As a Chilean filmmaker indicated, “A country without documentary films is like a family without a photo” (Patricio Guzmán).
This heartfelt quotation reminds me of a Vietnamese immigration story.
I had the idea to make an artist’s book because I can carry it like a family photo album, and I can bring it overseas to share and understand more about my origin, my identity, and the historical context at that time.
What did your process in physically creating your artist’s book look like?
I simply think I made this photo album for myself, and I didn’t care how long it would take to complete it. The specific artist book that I donated to the university centers around the city of Dalat.
I vividly remember my first time visiting Dalat in early 2006. I found my grandparents’ old house in Hoa Binh area in the city center. It hurt me that I couldn’t go inside anymore. That house belonged to someone else when my grandparents migrated during the war.

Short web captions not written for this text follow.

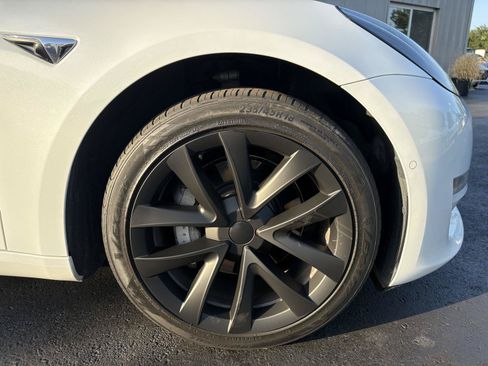 Used 2018 Tesla Model 3 Long Range RWD image 10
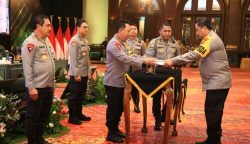 Kapolda Aceh Irjen Pol Achmad Kartiko menerima DIPA Tahun 2024 yang diserahkan Kapolri Jenderal Pol Listyo Sigit Prabowo di Jakarta, Kamis (7/12)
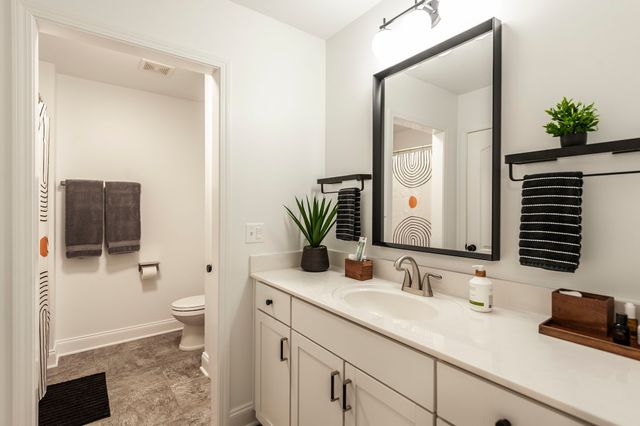 400 Quarry Rd, Gallatin, TN 37066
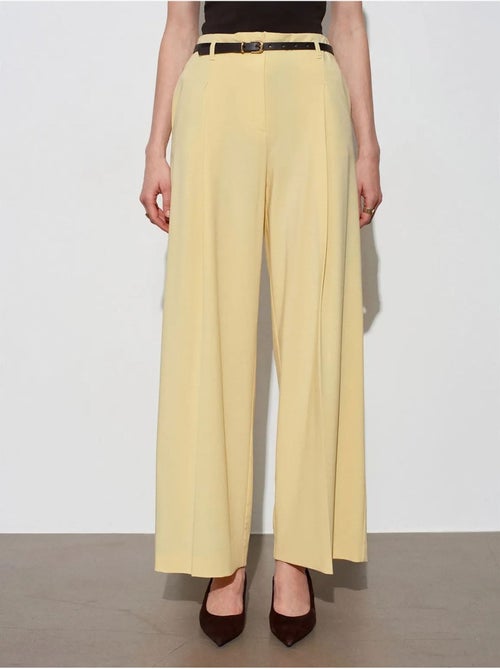 Pantaloni in crêpe a gamba ampia con cintura da donna dilvin - Kiabi Pantaloni in crêpe a gamba ampia con cintura da donna dilvin - Kiabi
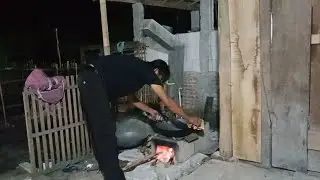 Dadakan masak makan malam - potong ayam kampung
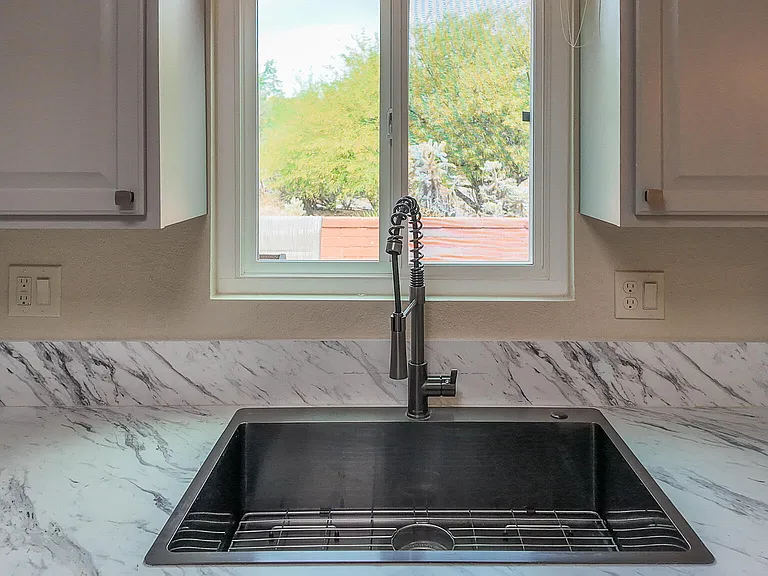 724 W Rio San Pedro — Photo 9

I returned to Dalat in December 2006 with a desire to take a document photo of that house. Unfortunately, the house was destroyed. A corporation bought that house to build their business.
It took me 10 years to collect many other missing photos of my family in Dalat to complete the book. During one of my last trips, in December 2015, I had the chance to stay longer in Dalat, to communicate and interact with local people, and I gained much more through conversation and sharing stories.
I felt that I got more familiar with the environment, and the ambiance there was so close and dear to me. When I retook the photo series during that visit, I felt there was more sentimentality in the pictures versus when I first took them in 2006. I was more of a tourist at that time.
Once I reworked my photos, I started to edit and design the layout for my own artist book in 2016. It’s been very enjoyable to explore Dalat for a decade.
What prompted your decision to donate your artist’s book to UT?
It was a great opportunity for me to visit UT Libraries Special Collections and to go through many other amazing artist books. I have always loved the idea of creating an artist book. I am pleased to contribute one as a small part of this collection, which will also mark my time at UT.
I published 20 copies of that particular artist book and it was collected by many art collectors, researchers — for instance, Yamamoto Gendai (Japan), Bay Library (Netherlands), Salon Saigon, Dia Project (Vietnam), UCLA library (USA), etc.
The one given UT Special Collections was actually my last copy.
What advice would you give an artist who is interested in creating an artist’s book at UT?
For me, creating an artist book amounts to telling your own story, reflected in choosing which genre to create.
It’s also about collaboration, like the way I discussed with the publisher how I wanted my book printed, or deciding to pick which type of paper, and the test prints before I was satisfied with my final version.
I would tell any artist working on an artist book to do it patiently, over and over, no matter how long it takes to produce.